Peki her şey sayılar ve banknotlardan ibaret mi? Değil. Ülkemizdeki izleyici/rating paneli profilinin tv izleme rutini, sosyoekonomik durumları (alternatif eğlence ve kültür aktivitelerine erişim imkanı vb.) ve sosyokültürel (sofrayı toplarken dizisini takip edebilmek isteyen ev kadını vb.) alışkanlıkları göz önünde bulundurularak ideal dizi süresi için bir değer belirlenebilir. Buna izleyici ayağı diyelim.

Elbette beni de ilgilendiren en önemli sorun dizi sürelerinin dramatik yapıya, öykü anlatıcılığına yani kısaca senaryoya etkisi.

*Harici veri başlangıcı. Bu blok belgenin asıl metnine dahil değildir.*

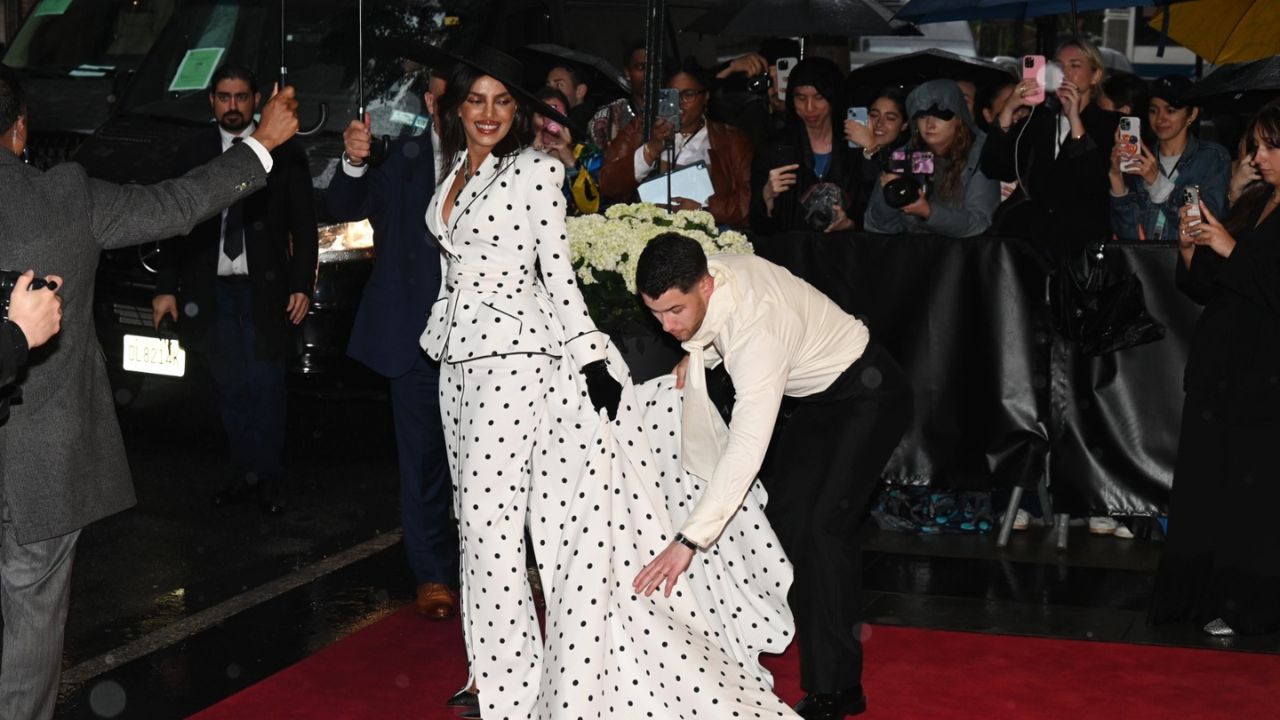 Nick Jonas and Priyanka Chopra (via Getty Images)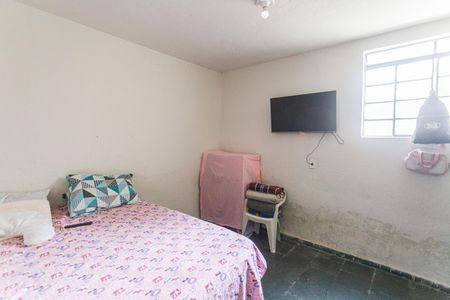 Casa à venda com 200m², 5 quartos e 2 vagas Casa à venda com 200m², 5 quartos e 2 vagasQuarto 2 da Casa 1
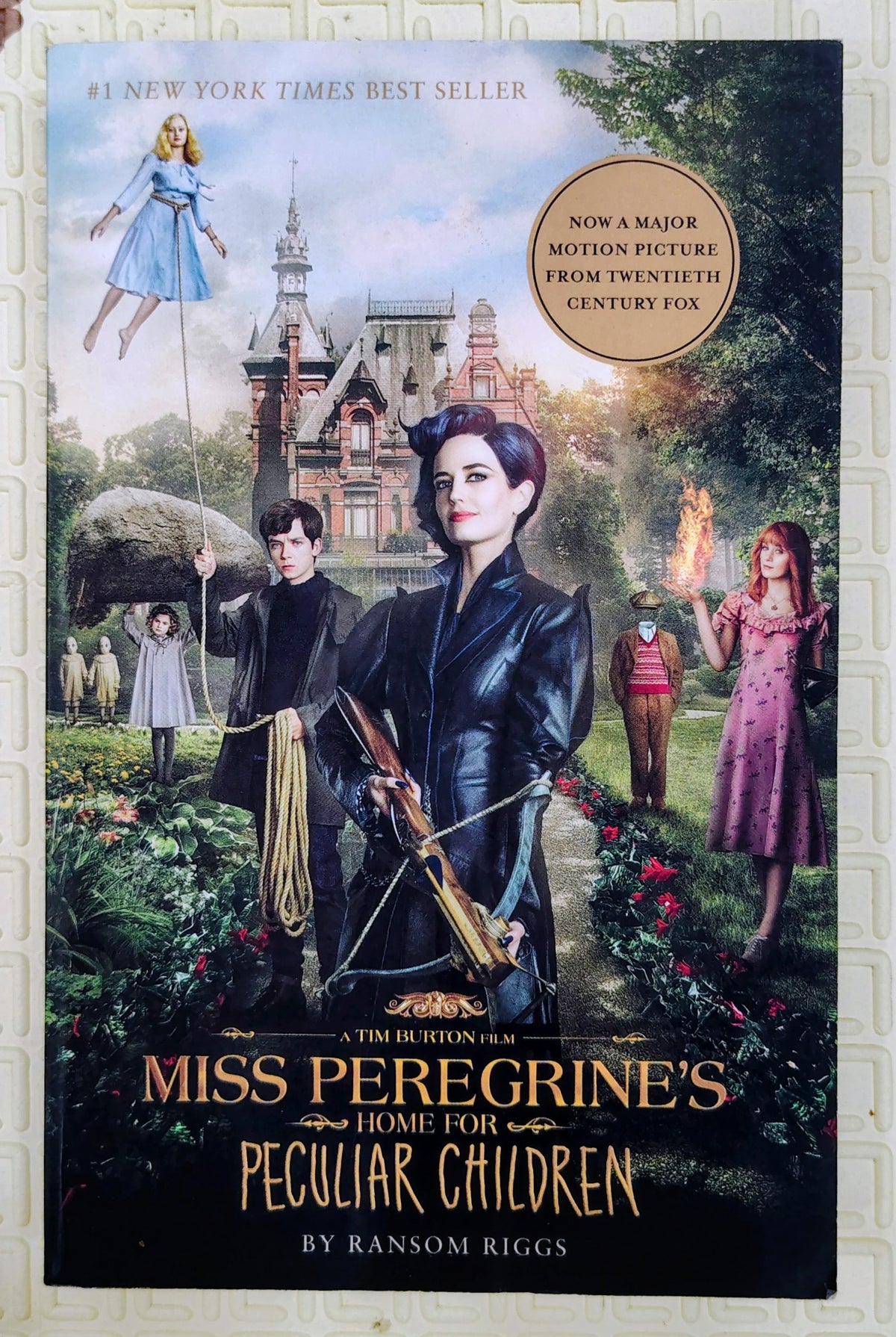 Miss Peregrine's Home for Peculiar Children by Ransom Riggs | Quirk Books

Özel hayatlarımıza etkisine değinmeyi yersiz buluyorum. Durum malum, bölümler uzadıkça hikaye sündürülüyor, tempo kayboluyor, yan hikayeler kalabalık ve karmaşık hale geliyor ve sıkça tekrara düşülüyor. Araştırma ve kontrole vakit kalmaması da zaman zaman mantık hatalarına kadar varıyor. Bir hikayeyi dramatik kurgunun evrensel kurallarını izleyerek, hikayeye ihanet etmeden anlatmak için ideal süre nedir sorusunun cevabını -elbette hikayenin boyuyla da ilgili olmakla birlikte- uzun uzun tartışmak mümkün. Aşağıda bir ABD dizisinin reklam dilimleri de yerleştirilmiş yapısını görebilirsiniz:

Görselde saatlik bir dramanın içine A, B ve C hikayelerinin "genellikle" nasıl yerleştirildiği açıklanmış. A, dizinin aksiyon hikayesi, B, duygusal hikaye C ise yan karakterlerin temaya bağlanan öyküleri ya da dizinin komedi tarafını kapatan hikaye olarak adlandırılabilir. Bizim uzun dizilerimizde, örneğin tecrübe ettiğim Poyraz Karayel'de, en az üç mühim yan aks daha olduğu için çoğunlukla B ve C hikayelerinden en az iki tane daha yazılıyor. Kabaca Poyraz'ın kötülerle savaştığı aks A, Poyraz-Ayşegül, Meltem-Zülfikar ilişkilerine dair adımların yer aldığı akslar B, Poyraz-Sinan, Bahri-Sadreddin, Sadreddin-Songül ya da Taşkafa-İsa-Ümran aksı da C olarak adlandırılabilir. Bunlara ek olarak genel sezon hikayesini andıran ve birkaç bölümde bir kısaca adımlanan hikayelere D adını verebiliriz. Sadece bu yazdıklarımdan, bir sezonu 140 dakikalık 24 ya da 36 bölümden oluşan yerli dizilerde, bir ABD dizisinde 4 sezonda kurulan kadar hikaye işlendiğini görmek mümkün.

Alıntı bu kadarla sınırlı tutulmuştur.